Walden Two is heavy on ideas and short on action, characters, and plot. How does Skinner maintain the reader's interest?

First, anyone who is reading Walden Two should be interested in the ideas it discusses. The novel would not, and does not, maintain the interest of the large number of readers who are not at heart interested in issues of societal planning, psychology, etc. But for those readers who are interested in such issues, Walden Two contains enough radical and sometimes outrageous ideas about society to keep things interesting. Second, there is a growing tension over the course of the novel between Burris and Frazier that serves to maintain the reader's interest. In several key chapters, such as the one in which Frazier first invites Burris to his personal quarters, the relationship between them is made increasingly complicated. We keep reading, in part, because we want to know whether Burris's personal distaste for Frazier or his admiration for his accomplishments will win out.

Walden Two walks the line between fiction and non-fiction. Why do you think Skinner wrote it as a novel rather than as an extended essay? What effect do the "novelistic" parts of the book--plot, character development, and so on--have on its effectiveness as an essay?

Skinner would later write Beyond Freedom and Dignity, a book of non-fiction that restated, in more complete and more abstract terms, the principles expressed by Frazier in Walden Two. Why then did he need to write Walden Two? One reason is that the book was written relatively early in Skinner's career; many of his ideas may not have been completely fleshed-out at that point, and the form of the novel gave him a chance to explore a wide range of opinions without committing himself to them. Another (perhaps trivial) reason is that he may have wanted to fulfill his early dream of being a writer of fiction.

Probably the most important consequence of the novelistic form of Walden Two is that it allows Skinner to provide a concrete description of a "real" community living by the principles he believed in. The fictional form gives him the freedom to present Walden Two as a completed community, not one that is merely imagined. On the other hand, the novel form limits the completeness and precision of his discussion.

Frazier argues that morality, freedom and democracy are outdated concepts; the only way to fix the problems of humanity is to control human behavior using positive reinforcement. What arguments does Castle present against this view? Do you find them convincing?
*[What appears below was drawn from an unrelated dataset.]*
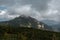 View of Toaca peak against the background of the cloudy sky. Romania, Ceahlau mountains.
Castle is unfortunately not the most level-headed of opponents, but he does have a set of clear arguments against Frazier's position. First, Castle is not willing to go along with Frazier's empirical approach to morality. The difference between right and wrong, in Castle's view, should be independent of one's goals and contexts. Thus, a society like Walden Two in which codes of conduct are formulated solely on the basis of their ability to contribute to happiness and productivity is inherently amoral, and therefore unsatisfactory. This same argument applies to Frazier's dismissal of freedom and democracy; any system that is based on the systematic control of one human being by another, Castle would say, devalues humanity itself.
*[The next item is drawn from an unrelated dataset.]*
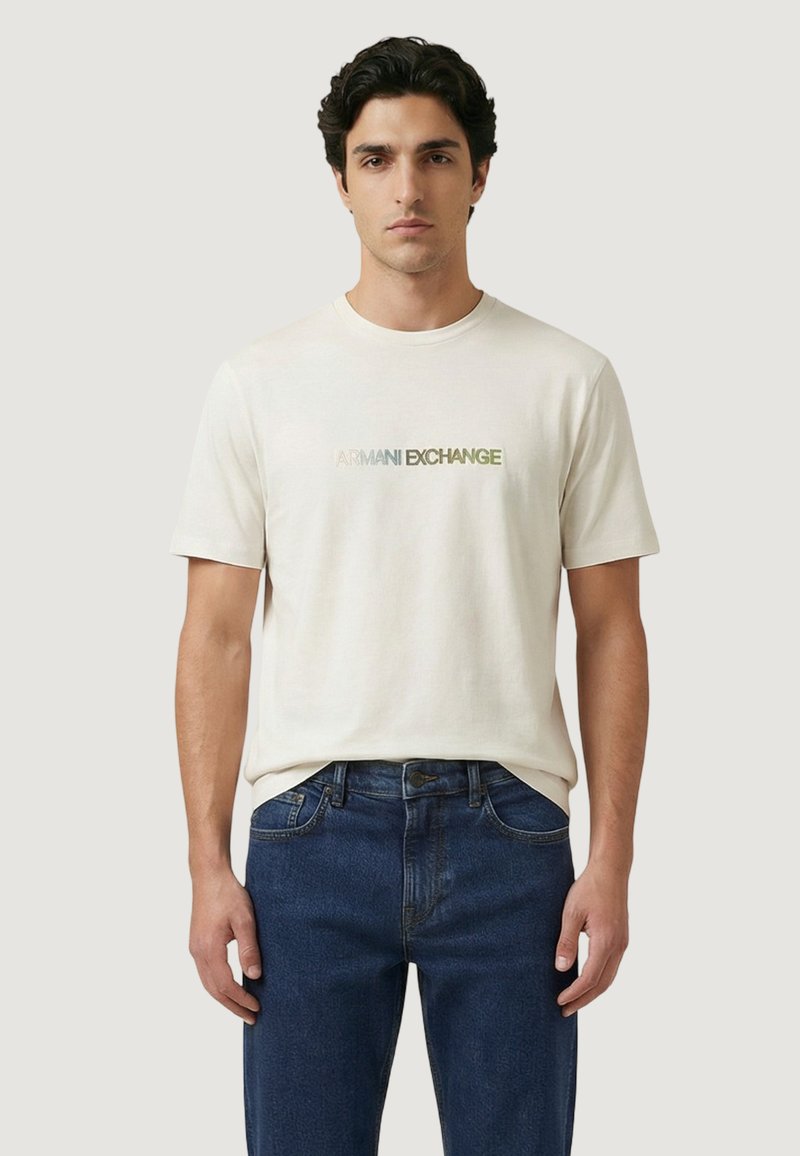Homme portant un t-shirt blanc Armani Exchange et un jean bleu, debout devant un fond clair uni.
These arguments may be convincing, but they don't point to flaws in Frazier's argument. Rather, they point to differences in basic assumptions about the nature of humanity and the value of human life. According to Frazier, the ultimate good is happiness, health, satisfying social connections, and so on; according to Castle, it is the freedom to make one's own definition of the ultimate good. This difference includes elements of the dichotomies between a bevy of "isms": communalism vs. individualism, empiricism vs. idealism, and communism vs, capitalism.